In many empirical applications we want to estimate a causal effect
OLS is inconsistent for this parameter when the error is correlated with \(\mathbf{x}\)
This happens often with omitted variables
Also, simultaneous equations, measurement error in \(\mathbf{x}\)
If we want to consistently estimate causal parameter, we need a different method
First method we will discuss is Instrumental Variables
Start with a population linear model
\[y = \mathbf{x}\boldsymbol{\beta} + e\]
Define \(\boldsymbol{\beta}\) as the causal effect
A model like the above where \(\boldsymbol{\beta}\) is the causal effect is called a Structural Model
Important
The model above is not the same as the population regression we discussed previously. In this model we are defining \(\boldsymbol{\beta}\) specifically as the causal effect, and therefore \(e\) is not the same as the regression residual we defined before.
Suppose we think some parts of \(\mathbf{x}\) are correlated with \(e\) so that
\[\textbf{E}(\mathbf{x'}e) \neq 0\]
The population least squares regression is not equal to the causal effect
\[\boldsymbol{\beta^{*}}=(\textbf{E}[\mathbf{x'x}])^{-1} \textbf{E}[\mathbf{x}'y]\] \[=(\textbf{E}[\mathbf{x'x}])^{-1} \textbf{E}[\mathbf{x}'(\mathbf{x}\boldsymbol{\beta} + e)]\] \[=\boldsymbol{\beta} + (\textbf{E}[\mathbf{x'x}])^{-1}\textbf{E}[\mathbf{x'}e]\]
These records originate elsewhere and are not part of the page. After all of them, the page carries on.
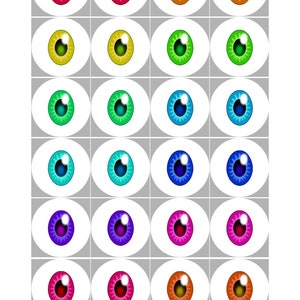 DIGITAL - Kabbit Eyes / BJD Princess Peachy 20mm Eye Maker Printable 4 x 6 Page .PNG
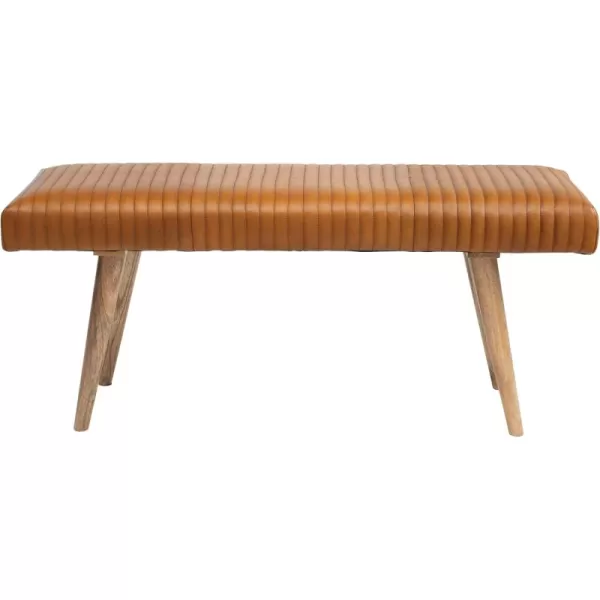 imageCreative CoOp Black Mango Wood and Leather Grid BenchCamel Brown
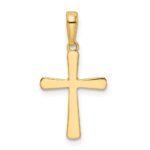 14K and White Rhodium Diamond-cut Cross Pendant - Image 3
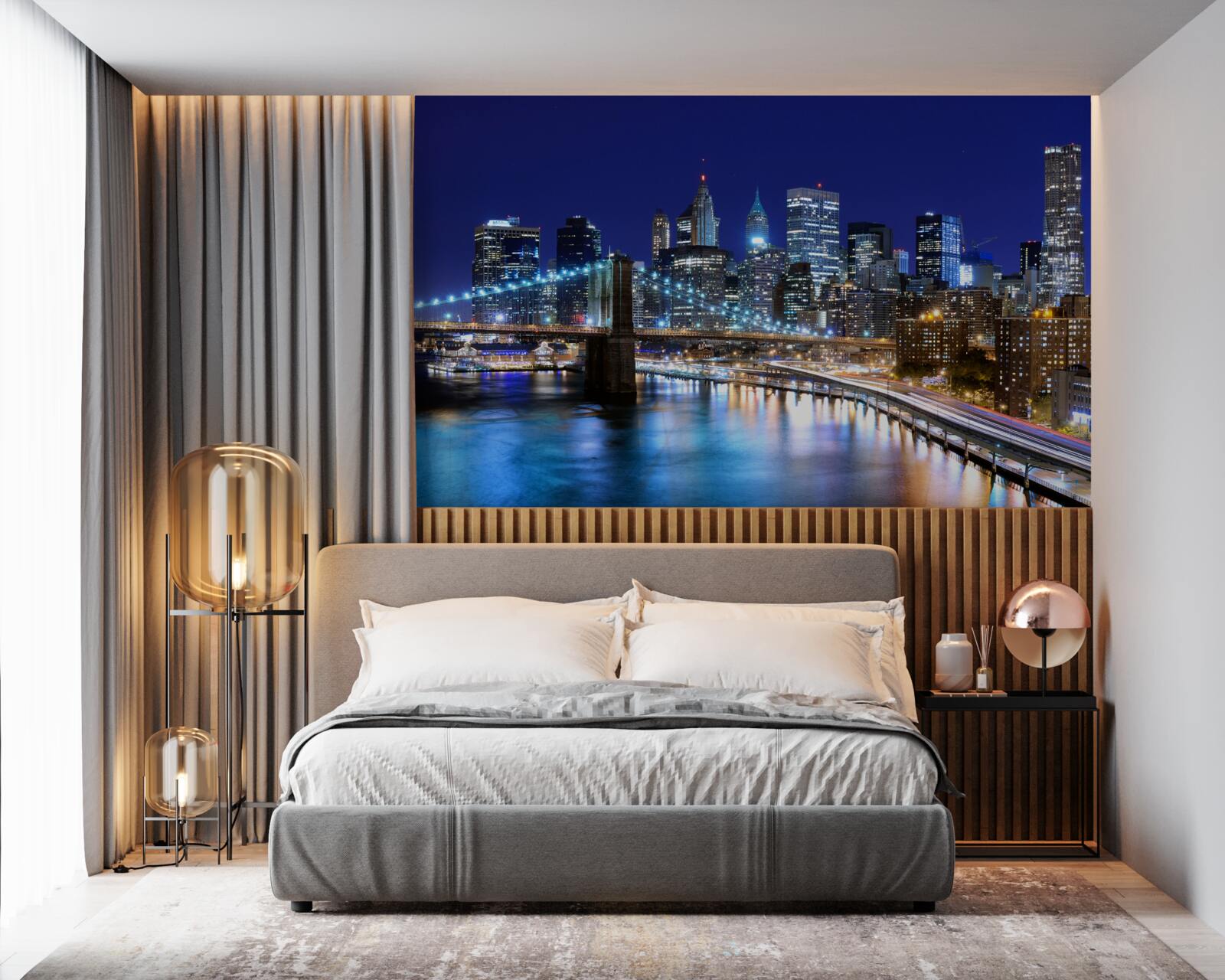 Fototapet podul brooklyn din new york sub luminile nopții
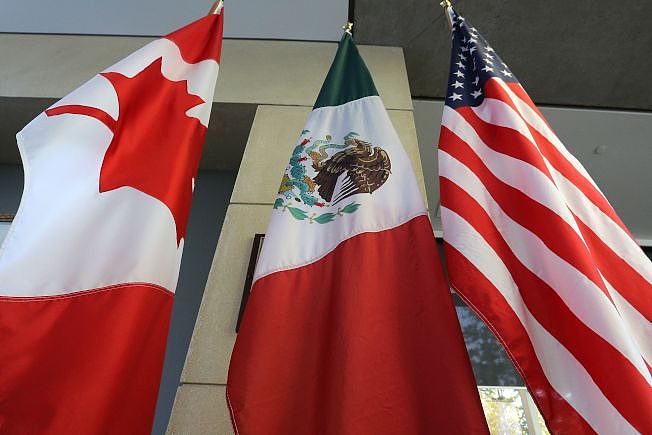  新版NAFTA诞生，美国、加拿大、墨西哥三国30日深夜达成初步协议，化解维持25年来三国架构协议的最大歧见，并更名“美国-墨西哥-加拿大协议”(United states-mexico-canada agreement,USMCA)纽约时报指这是川普总统“美国优先”的一大胜利。
(Getty Images)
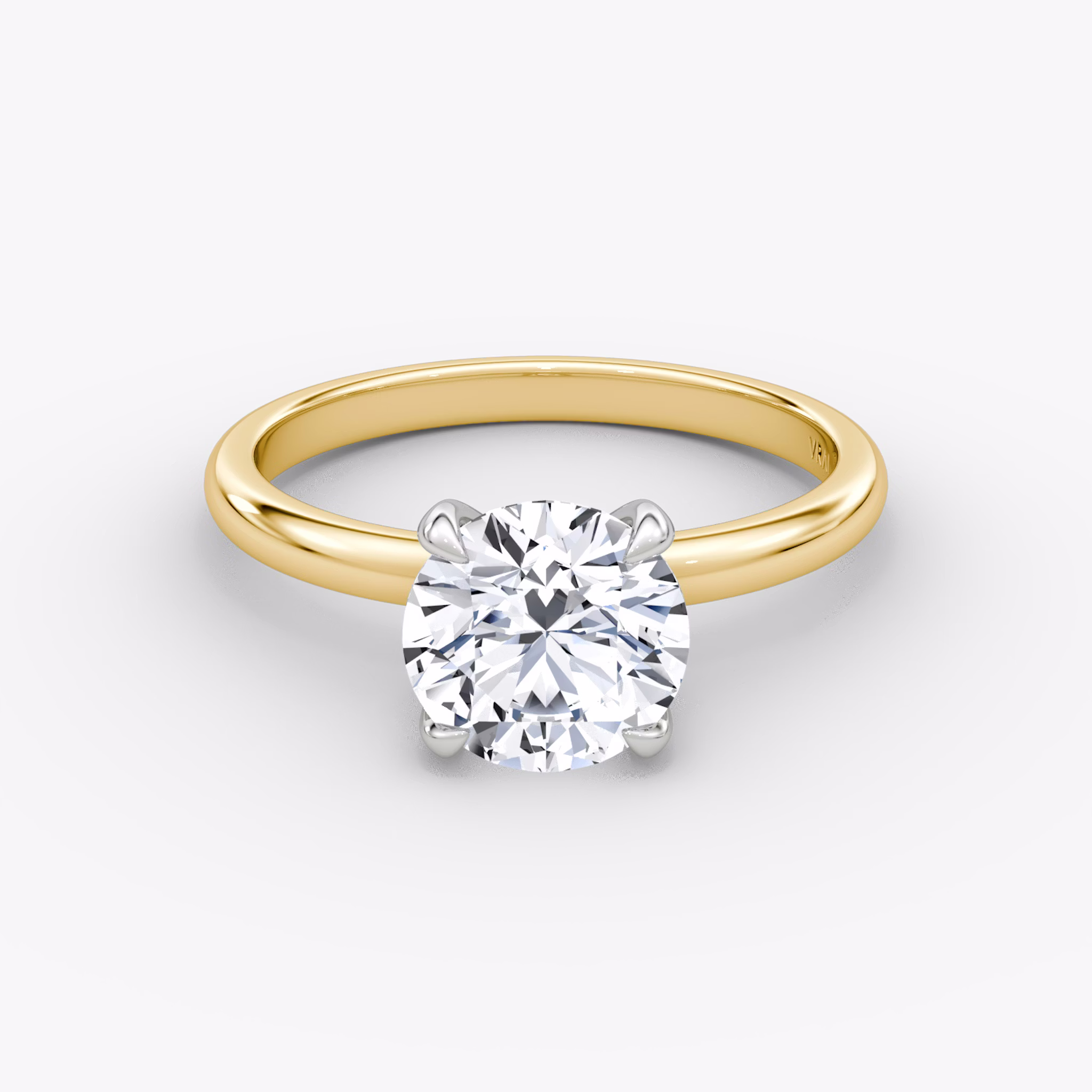 The Classic | Round Brilliant | 18k | Yellow Gold and Platinum | bandAccent: Plain | bandWidth: large | caratWeight: other | diamondOrientation: vertical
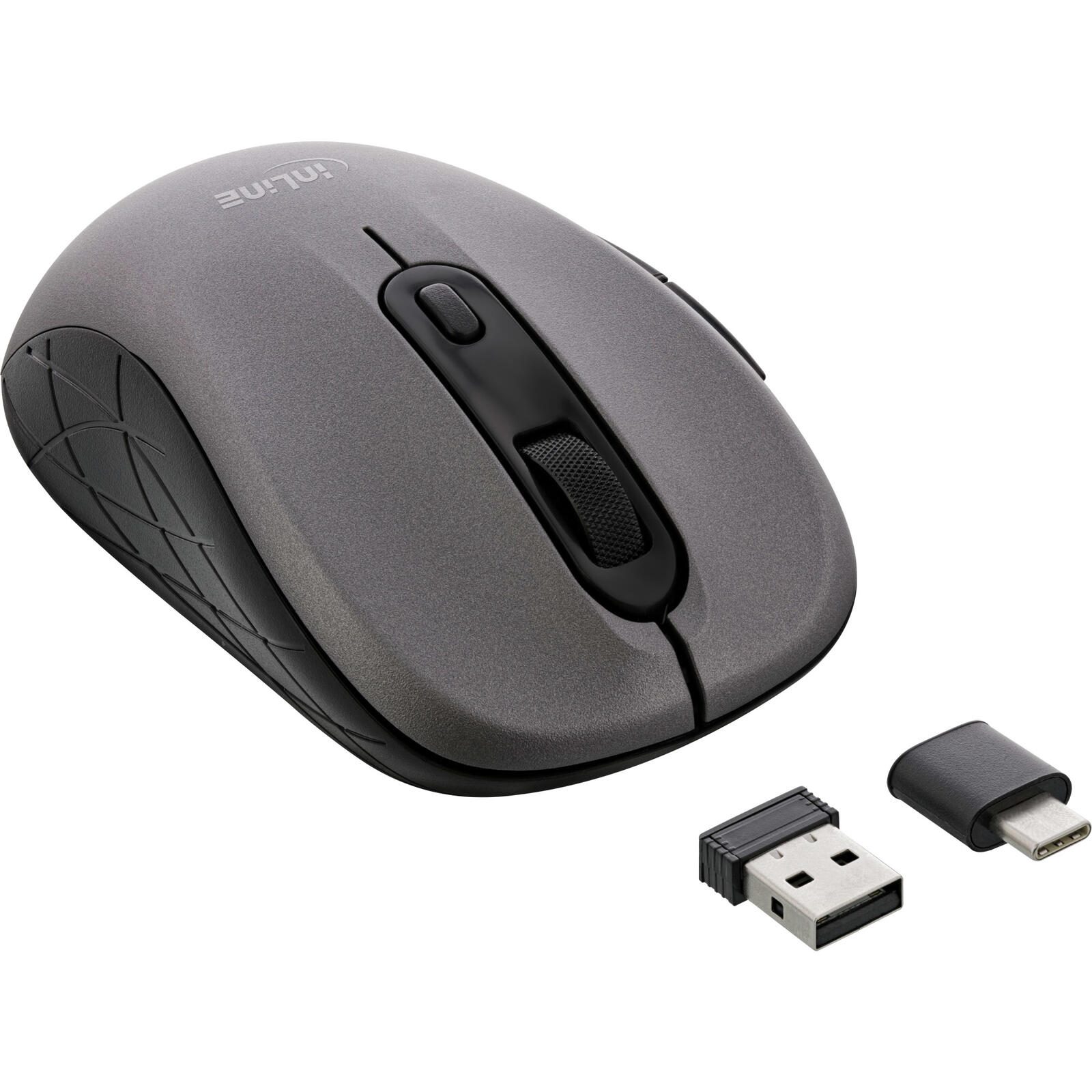 InLine® InLine Maus 3-in-1, Bluetooth + 2x 2.4GHz Funk, 5 Tasten, optisch, grau/schwarz 55363
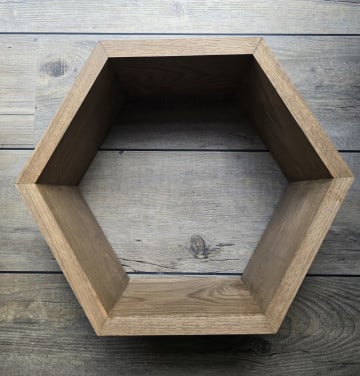 Hexagon wandplanken eikenhout, 9 stuks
In this setup, the OLS estimate of \(\boldsymbol{\beta^{*}}\) is inconsistent for \(\boldsymbol{\beta}\)
If we want a consistent estimate of \(\boldsymbol{\beta}\) we need another method
To make things simpler, partition the independent variables
\[= \mathbf{x_{1}}\boldsymbol{\beta_{1}} + x_{k}\beta_{k} + e\]
Suppose that \(x_{k}\) is correlated with \(e\), but \(\mathbf{x_{1}}\) is not
Now imagine we have an instrumental variable \(z_{1}\) that is
Uncorrelated with \(e\)
Correlated with \(x_{k}\)
Define the vector \(\mathbf{z}\) to be
\[\mathbf{z} = [1,x_{1}, x_{2}, ...,x_{k-1},z_{1}]\]
It is the \(\mathbf{x}\) vector with \(z_{1}\) in place of \(x_{k}\)
\(\mathbf{x_{1}}\) are included instruments
\(z_{1}\) is the excluded instrument because it comes from outside the model
If all factors in \(\mathbf{z}\) are exogenous,
\[\mathbf{E}(\mathbf{z}'e) = 0\]
If we take our model
\[y = \mathbf{x}\boldsymbol{\beta} + e\]
Pre-multiply by \(\mathbf{z}\) and take expectations
\[\mathbf{E}(\mathbf{z}'y) = \mathbf{E}(\mathbf{z'x}) \boldsymbol{\beta} + \mathbf{E}(\mathbf{z}'u)\]
\[\boldsymbol{\beta} = [\mathbf{E}(\mathbf{z'x})] ^{-1}\mathbf{E}(\mathbf{z}'y)\]
Important
The population Instrumental Variables slope vector with one instrument for each endogenous variable is
\[\boldsymbol{\beta} = [\mathbf{E}(\mathbf{z'x})] ^{-1}\mathbf{E}(\mathbf{z}'y)\]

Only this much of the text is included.